Der Ehrgeiz schon. Den hatte sie schon als kleines Mädchen. Mit fünf Jahren saß sie das erste Mal im Sattel, mit 20 kaufte sie sich anstelle eines ersten eigenen Autos „Laura“ – ihr erstes eigenes Pferd. 2012, nachdem sie zum Elmshorner Triathlon-Team gewechselt war, meisterte sie in Roth (Bayern) den Triathlon mit den brutalen Iron-Man-Distanzen – also 3,8 Kilometer Schwimmen, 180 Kilometer Radfahren und 42,2 Kilometer Laufen – in 13 Stunden und 29 Minuten.
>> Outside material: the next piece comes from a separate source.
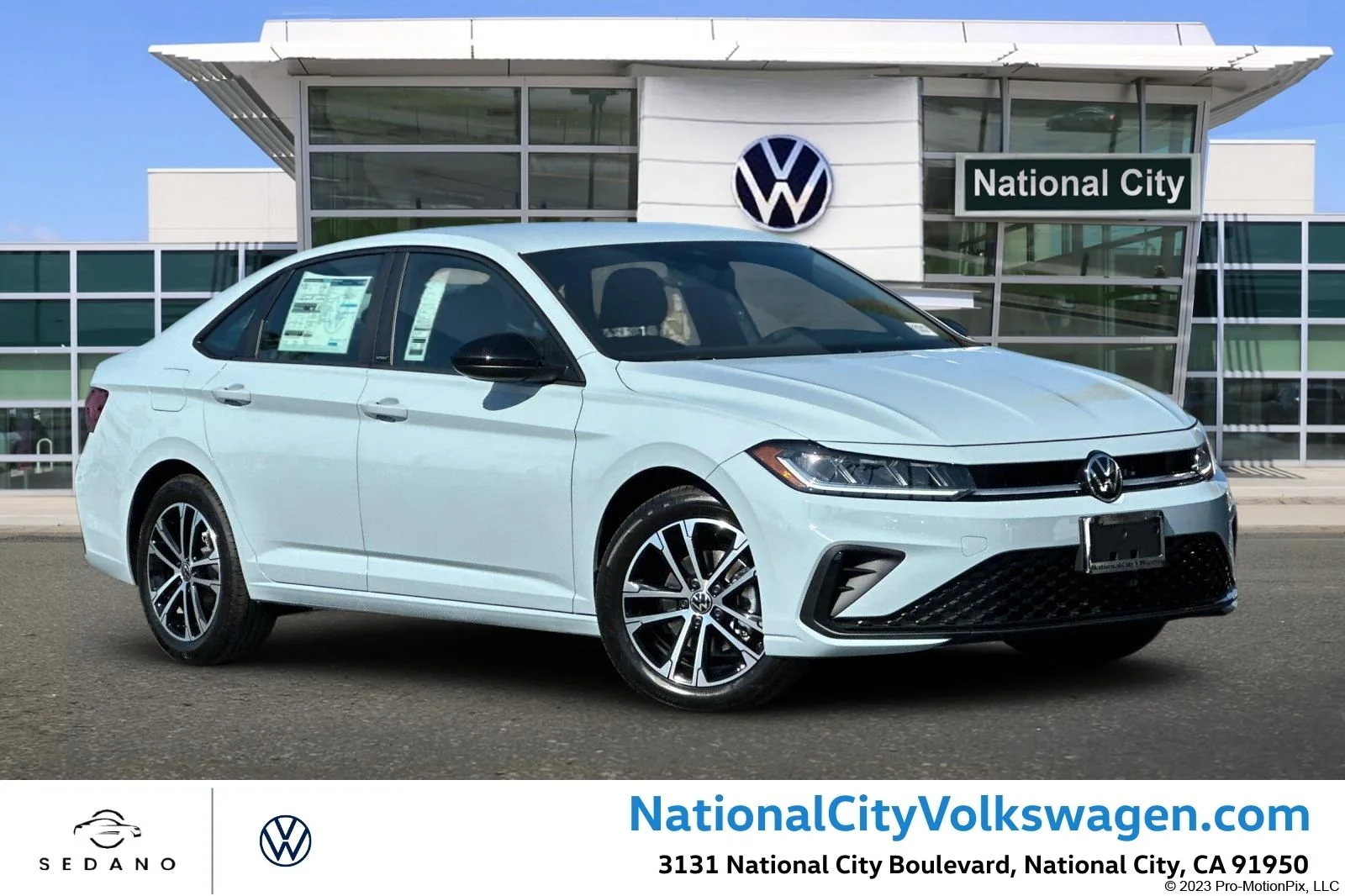 2026 Volkswagen Jetta 1.5T Sport Auto SULEV's photo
Als Anke Tinnefeld vor sechs Jahren ihren Schwimmtrainer fragte, ob sie ihre erste Langstrecke über 14 Kilometer schwimmen könne, bekam sie zur Antwort: „Nein, das schaffst du nicht.“ Jeder, der Anke Tinnefeld wirklich kennt, wusste: Jetzt hat es sie gepackt.

Versuchen, was andere für unmöglich halten: Das ist ihr Lebensmotto. Der 14. August 2019 ist noch weit weg. Aber es dürfen Wetten angenommen werden – das wird Anke Tinnefeld schaffen.